Records from a data collection:
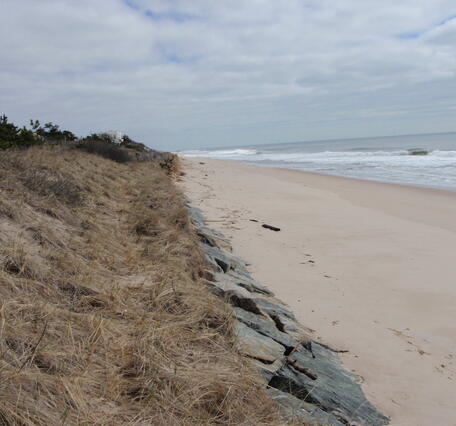 A human-made riprap rock seawall to protect an ocean dune at a beach is exposed by erosion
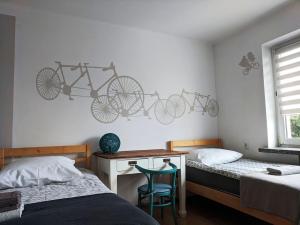 扎莫希奇APARTAMENT 16的卧室配有两张床,墙上配有一张桌子和两辆自行车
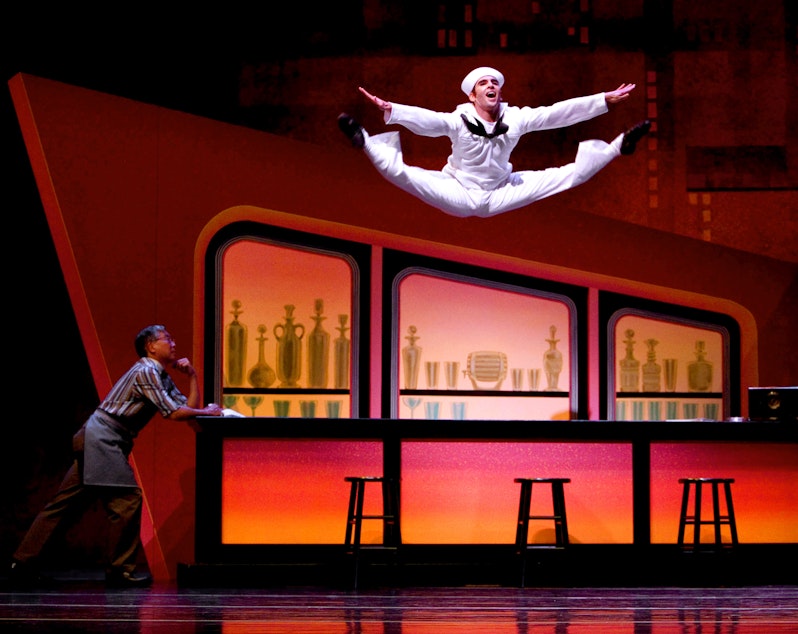 caption: Pacific Northwest Ballet's Jonathan Porretta in Jerome Robbins' "Fancy Free," with Glen Kawasaki at left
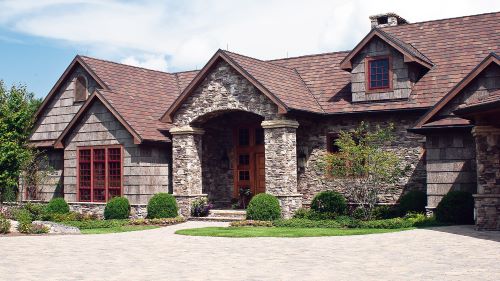 Shamrock Roofing and Construction custom home exterior with durable roofing and stone accents in a residential setting.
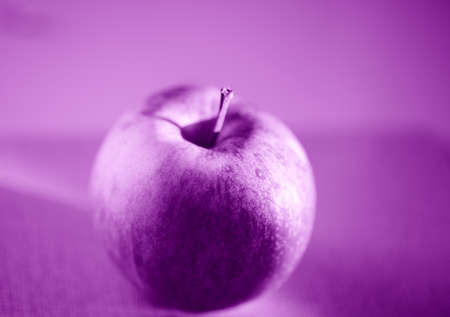 A closeup of an apple on a table under the lights with a blurry background and a purple effectの写真素材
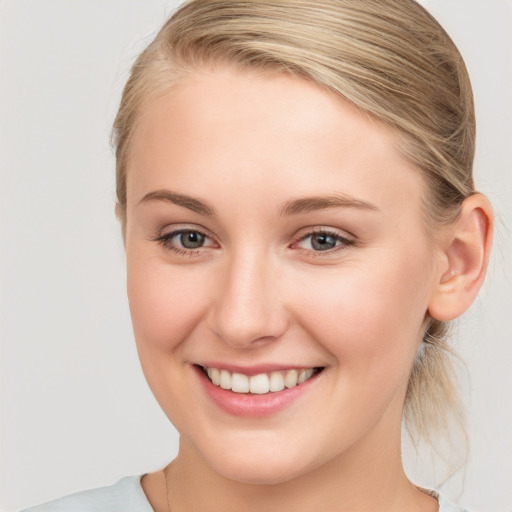 Joyful white young-adult female with medium  brown hair and blue eyes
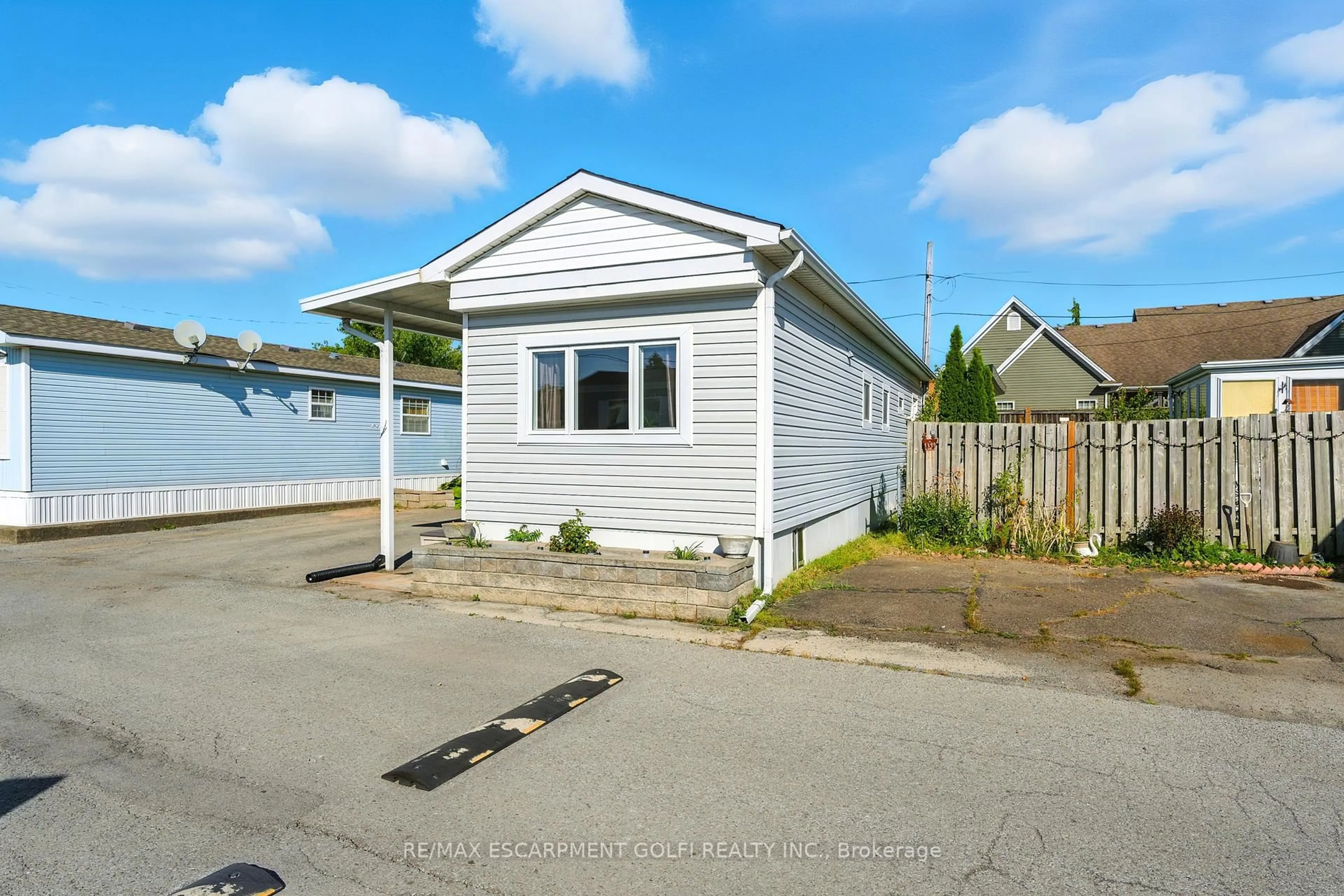 Home with vinyl exterior material, street for 241 St. Paul St #102, St. Catharines Ontario L2S 2E5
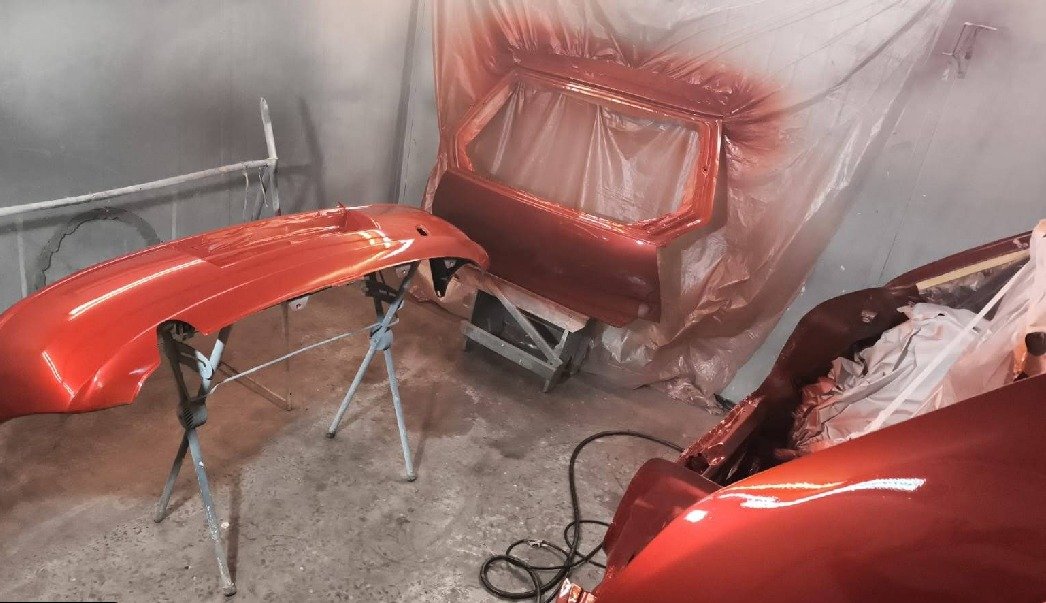 Paragolpes, puerta y capot recién pintados en color cobre metalizado, en la cabina de pintura de Quebecar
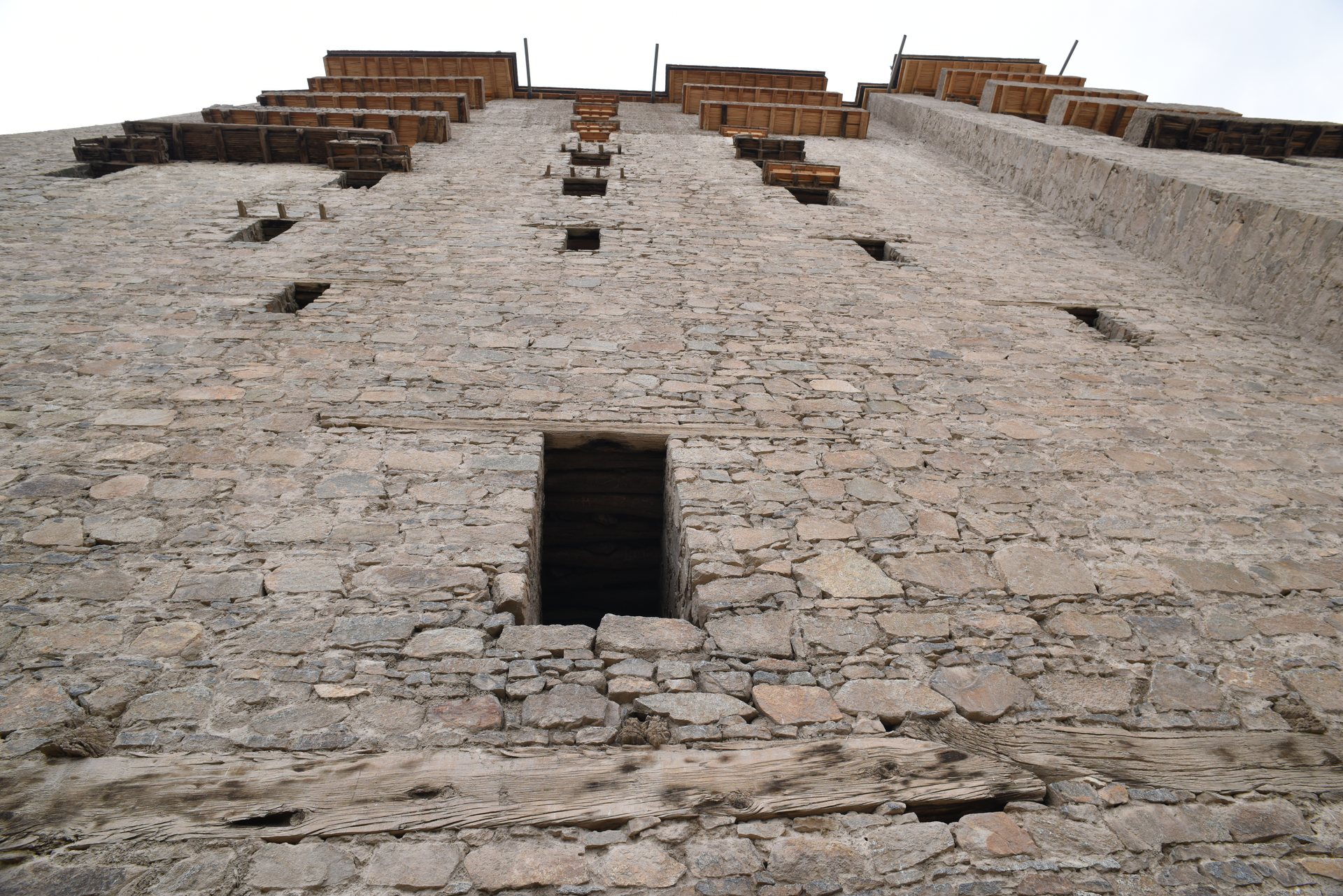 Monumental sheer granite and sun-dried mud walls of Leh Palace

Work item.
Output the entries above verbatim, with no picture included.

Answer below.
 A human-made riprap rock seawall to protect an ocean dune at a beach is exposed by erosion
 扎莫希奇APARTAMENT 16的卧室配有两张床,墙上配有一张桌子和两辆自行车
 caption: Pacific Northwest Ballet's Jonathan Porretta in Jerome Robbins' "Fancy Free," with Glen Kawasaki at left
 Shamrock Roofing and Construction custom home exterior with durable roofing and stone accents in a residential setting.
 A closeup of an apple on a table under the lights with a blurry background and a purple effectの写真素材
 Joyful white young-adult female with medium  brown hair and blue eyes
 Home with vinyl exterior material, street for 241 St. Paul St #102, St. Catharines Ontario L2S 2E5
 Paragolpes, puerta y capot recién pintados en color cobre metalizado, en la cabina de pintura de Quebecar
 Monumental sheer granite and sun-dried mud walls of Leh Palace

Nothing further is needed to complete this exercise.